[lit-ideas] Re: The Final Finger of Fate

  • From: John Wager <john.wager1@xxxxxxxxxxx>
  • To: lit-ideas@xxxxxxxxxxxxx
  • Date: Sat, 16 Sep 2006 13:35:03 -0500

Andy Amago wrote:


. . .There was a big bang. There was no matter before the big bang, only unimaginably condensed energy. As the energy exploded, in that first trillionth of second (or something like that), the energy began to cool and precipitate out into matter.

What happened just BEFORE the "Big Bang?" It's not just theists and deists who ask this question; physicists are beginning to think that maybe there is a way to ask it and stay inside physics. But to just ask the question is to raise most of the issues Aquinas et. al. tried to
deal with: Why was there something THERE, THEN and not something the moment before? How did the universe, which obviously was "not" until then, come into being? The big bang is evidence that the universe is not automatically, eternally existent, but whence came it?

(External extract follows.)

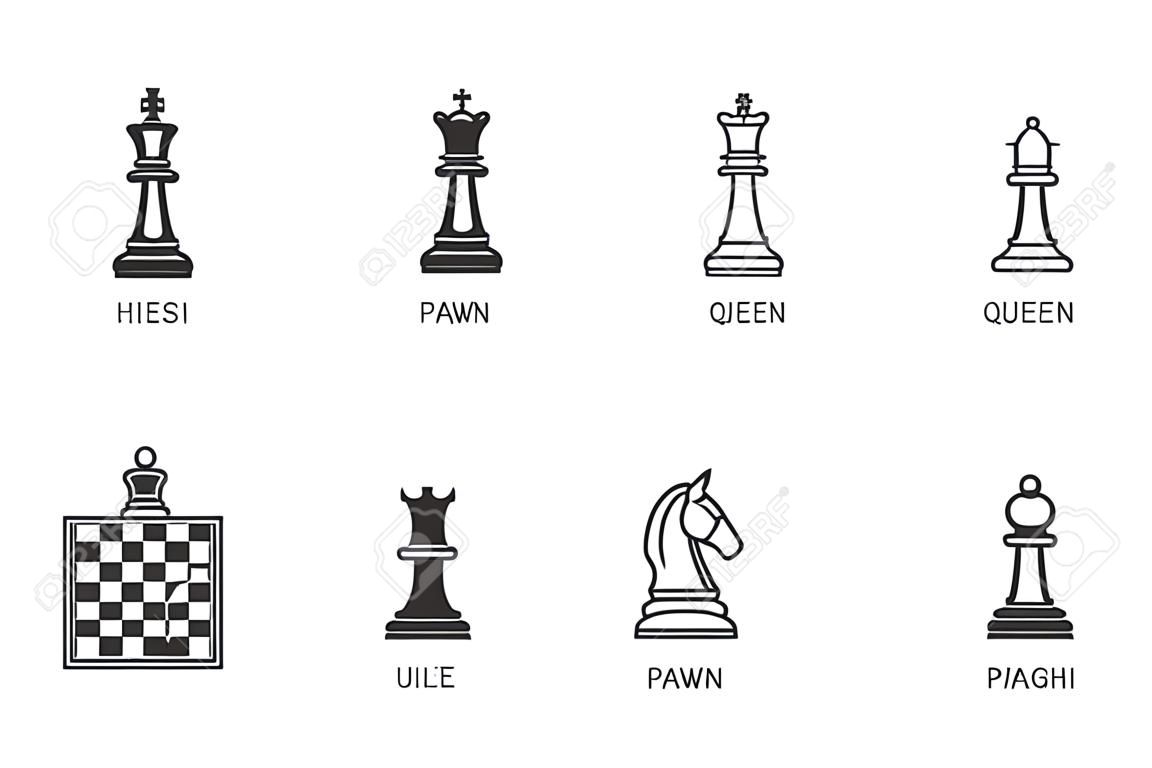 Schachfigur Symbol Leitung. Vektorgrafik von Bauer, Ritter, Königin, Bischof, Pferd, Turm. Schachmatt-Brett-Piktogramm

Hindus don't have to worry about these questions because they see the whole big bang as part of a cycle of bang and suck, but the "suck" side is an open question for physicists; there may not be enough stuff to cause the suck to pull everything back into nothing again.

. . . We forget that Earth is to the universe what a grain of sand, or perhaps one anthill, is on Earth.

Pascal wasn't bothered by this so much he gave up a fairly constraining brand of Catholicism. And he pointed out (rightly, I think) that humans are not SO tiny; he claimed that we are about
half-way between the infinitely small and the infinitely large. If memory serves, the exponential
size of the universe is about 10x24 or so the size of an atom. We're about half-way between these dimensions, give or take a few powers of ten.


And most of the vastness of space is empty, all that compaction moving outward. I read somewhere that time is just rivers and whirlpools in the folds and crevices of space. Control is an illusion except to the extent that one believes that one can contro l one's *own* behavior, a very tall order given that most behavior is unconsciously motivated. Ultimately, we drive our cattle to market instead of embracing them as the star stuff that the universe is, indifferently, made of.

What makes human beings even more astounding than the whole universe is that we can talk about "the whole universe." Not only that, we can talk about it across time and space, via electronic links, and still argue and worry about what's for dinner; the idea of "The Universe" does not seem to take up a very large part of our minds at all!!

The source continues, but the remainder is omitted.